This Potato Leek Soup Instant Pot is made with leeks, broth, potatoes, thyme, bay leaves, butter, garlic and pressure cooked.
On a brisk spring day, we decided to make some Potato Leek soup, and it was DELICIOUS. The leeks enhanced the potato flavor and the combination is exceptional. It is so hearty, healthy, and delicious.
What you will need
Butter: Use organic salted better for best taste. You can opt for using unsalted and adjust the salt yourself.
Broth: I used chicken broth, although you could vegetable broth if you don’t happen to have chicken broth.
Garlic: For best quality, use fresh garlic for this recipe.
Thyme: Panera’s chicken noodle soup has thyme in the recipe, and gives it such a comforting taste.
How to make Potato Leek Soup Instant Pot
Press the Sauté button on the Instant Pot. Add the oil and butter.
Add the leeks and stir. Cook until soft, stirring occasionally. It's fine if they brown a little.
Add garlic and cook for about 30 seconds, until fragrant, stirring frequently.
Stir in the broth.
Add the bay leaf, thyme, salt, pepper, and the potatoes, nutmeg. Stir.

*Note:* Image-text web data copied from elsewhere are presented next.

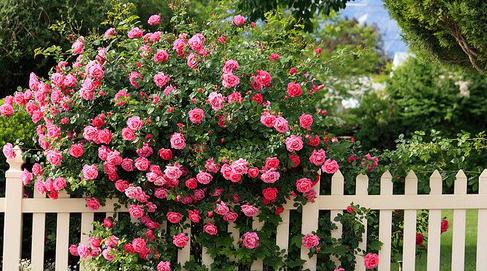 薔薇花的第七夜章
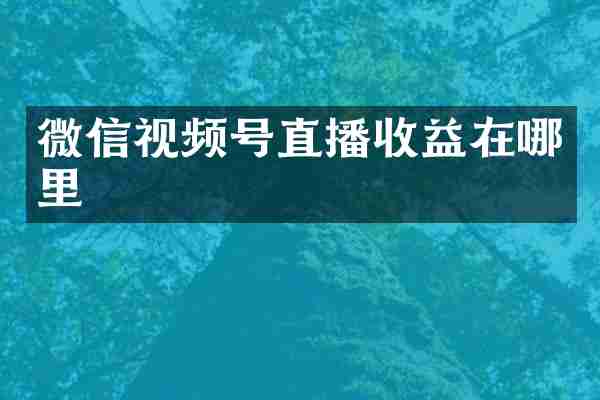 微信视频号直播收益在哪里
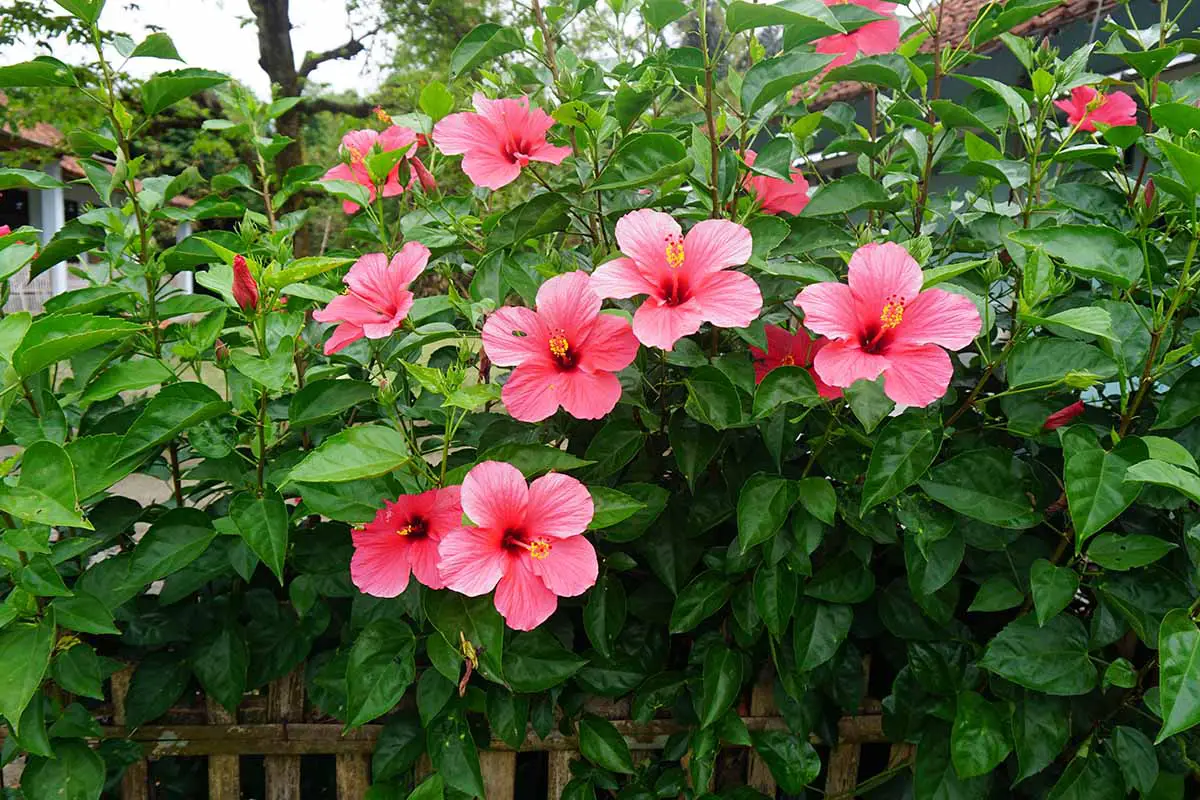Una imagen horizontal de un arbusto de hibisco tropical rosa que crece en el jardín.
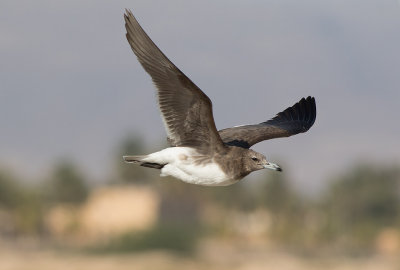  Sooty Gull (Ichthyaetus hemprichii)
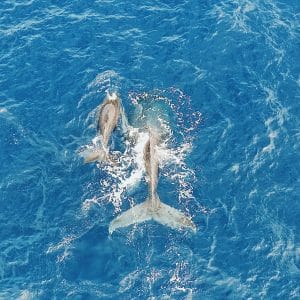 Humpback Whales | Socorro | Solmar V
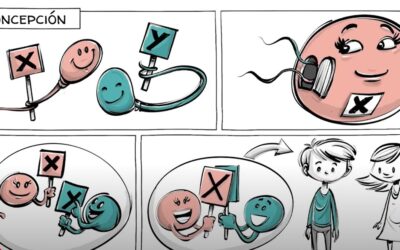 DIFERENCIAS ENTRE SEXOS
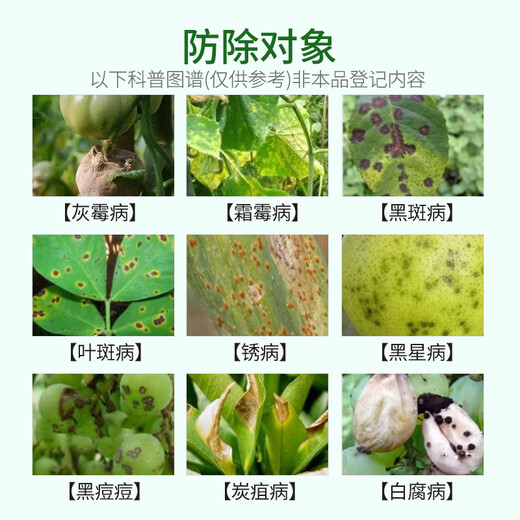 莱恩坪安40%百菌清悬浮剂果树花卉蔬菜叶斑病炭疽病白粉病通用农药杀菌剂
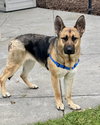 Lydia 307418 - Photo 2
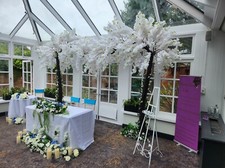 3.2m Blossom Trees  (X2) in Half Arch Style for Weddings, and other event. Hire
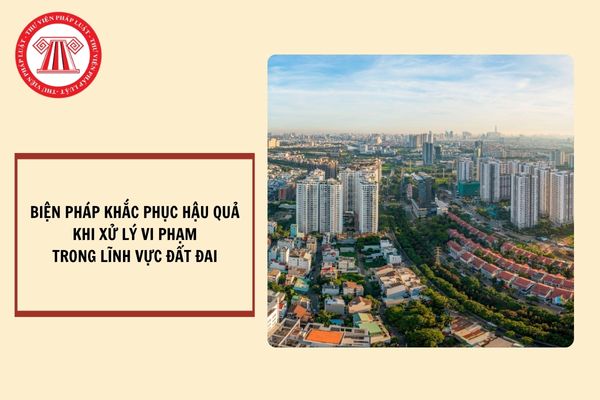 Tổng hợp các biện pháp khắc phục hậu quả khi xử lý vi phạm hành chính trong lĩnh vực đất đai theo Nghị định 123?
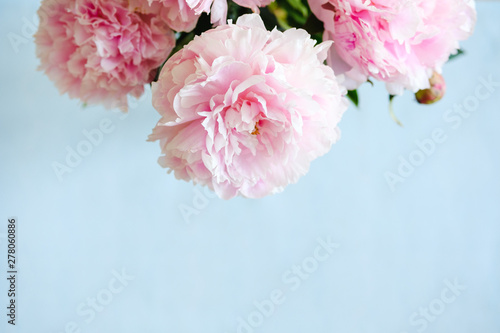 delicate pink pink peonies on a blue background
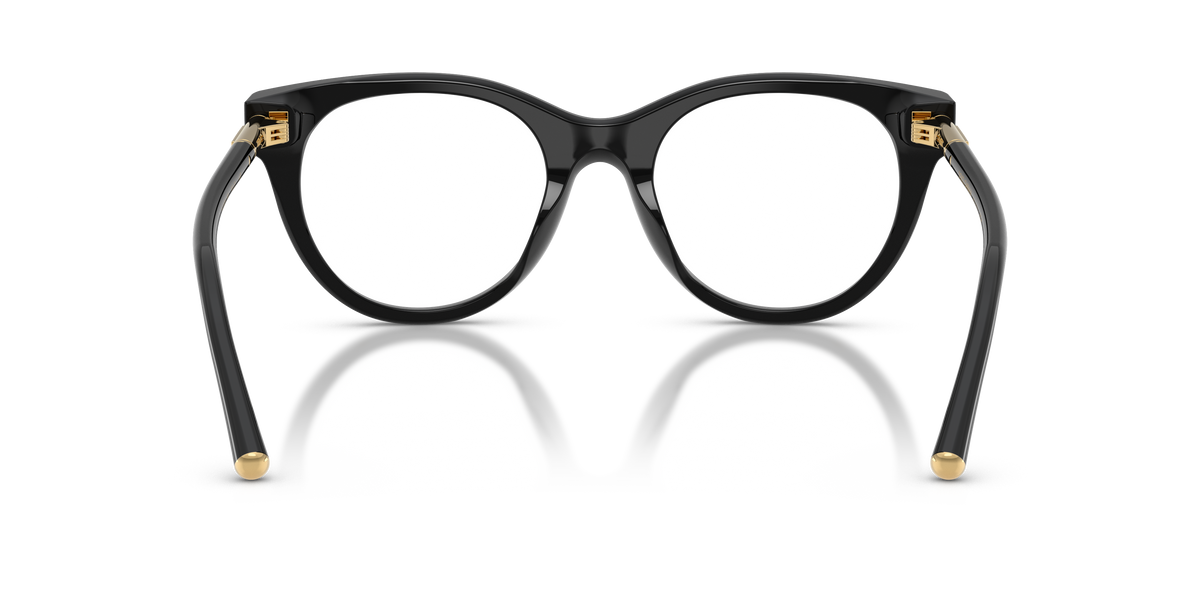 Dolce & Gabbana DG3433 501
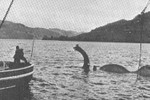 Quái vật bí ẩn thời tiền sử ẩn náu ở hồ Loch Ness?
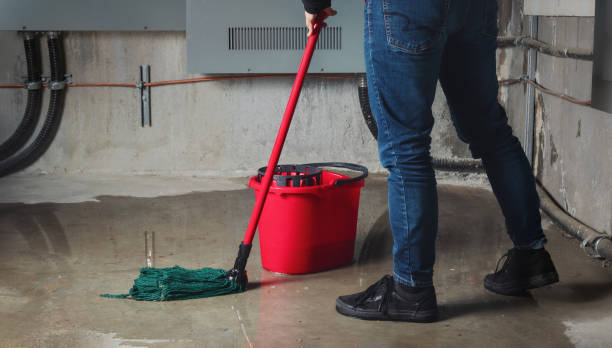 Best Water damage cleanup near me  in Thorp, WI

Put the lid on the pot and set the steam release knob to the Sealing position.
Pressure cook on high for 7 minutes.
When the cooking cycle has ended, let the pot naturally release the pressure for 15 minutes. Then manually release the remaining steam.
When the pin in the lid drops, open it and stir the soup. Remove the bay leaves. Then use an immersion blender to puree it. If you don't have an immersion blender, you can use a blender, pureeing the soup in small batches very carefully. Enjoy!